Katrantzou, a Central Saint Martins print graduate and winner of the Emerging Talent Awards at last year’s British Fashion Awards, is quickly gaining a well deserved reputation as the queen of digital prints.
Although she isn’t single-handedly responsible for the fact that we all love wearing prints from head to toe these days, she very well could be – her abundant imagery of everyday banalities are always inventive as she brings to life on the catwalk things such as a bathtub appeared on an Elizabethan-inspired, high-necked silk top with its foam bubbles made of encrusted pearls to add dimension. Teaspoons made up the repeat print on a peplum dress while an old-fashioned rotary telephone dial print decorated a stiff silk cape. Silk trousers completed the look.
This collection, as Katrantzou said, was about "celebrating the beauty in the everyday" and "elevating the mundane to the sublime". She smothered her signature structured lampshade-shaped dresses and stiff A-line tailored coats with spoons, phone dials, typewriter keys, luggage tassels and hangers – one dress was even embroidered with hundreds of real yellow pencils.

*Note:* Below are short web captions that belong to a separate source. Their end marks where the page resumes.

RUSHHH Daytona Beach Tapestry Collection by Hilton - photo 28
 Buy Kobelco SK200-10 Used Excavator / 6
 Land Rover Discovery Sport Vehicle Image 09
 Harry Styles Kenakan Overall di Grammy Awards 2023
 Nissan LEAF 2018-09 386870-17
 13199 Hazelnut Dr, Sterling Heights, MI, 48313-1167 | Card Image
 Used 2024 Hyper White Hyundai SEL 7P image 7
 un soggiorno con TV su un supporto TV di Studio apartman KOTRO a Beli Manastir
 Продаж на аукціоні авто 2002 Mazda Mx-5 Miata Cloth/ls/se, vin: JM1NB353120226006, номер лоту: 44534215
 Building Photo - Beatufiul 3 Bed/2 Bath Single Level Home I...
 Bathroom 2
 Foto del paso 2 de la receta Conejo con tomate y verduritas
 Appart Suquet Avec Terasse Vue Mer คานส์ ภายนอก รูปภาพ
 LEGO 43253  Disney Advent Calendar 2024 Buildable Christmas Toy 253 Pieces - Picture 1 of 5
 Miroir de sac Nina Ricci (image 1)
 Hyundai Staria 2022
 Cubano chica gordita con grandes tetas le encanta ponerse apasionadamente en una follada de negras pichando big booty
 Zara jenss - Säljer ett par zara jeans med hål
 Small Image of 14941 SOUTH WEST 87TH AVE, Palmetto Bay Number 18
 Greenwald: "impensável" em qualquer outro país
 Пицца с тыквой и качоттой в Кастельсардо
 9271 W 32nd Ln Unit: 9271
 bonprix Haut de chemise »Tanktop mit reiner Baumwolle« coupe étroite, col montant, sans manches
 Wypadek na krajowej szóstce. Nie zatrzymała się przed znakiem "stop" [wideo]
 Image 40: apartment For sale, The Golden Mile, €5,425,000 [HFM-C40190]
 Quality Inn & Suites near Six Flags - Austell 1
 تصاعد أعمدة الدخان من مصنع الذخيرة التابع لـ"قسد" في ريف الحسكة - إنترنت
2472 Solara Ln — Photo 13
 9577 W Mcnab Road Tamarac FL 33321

The embroidery in question was executed by Lesage marking the first time the French haute couture house has worked with a London Fashion week designer.
The prints and embellishments were brilliantly entertaining, inventive as ever – but the construction in this collection was just as much of the story: Victorian bustled dresses, strict Elizabethan corsetry, undulating neck ruffles and dresses whose skirts gathered vertically around the body, were brilliantly put together and endlessly new. Although the prints may have been unexpected the results were incredible, placing this show amongst the best of the week.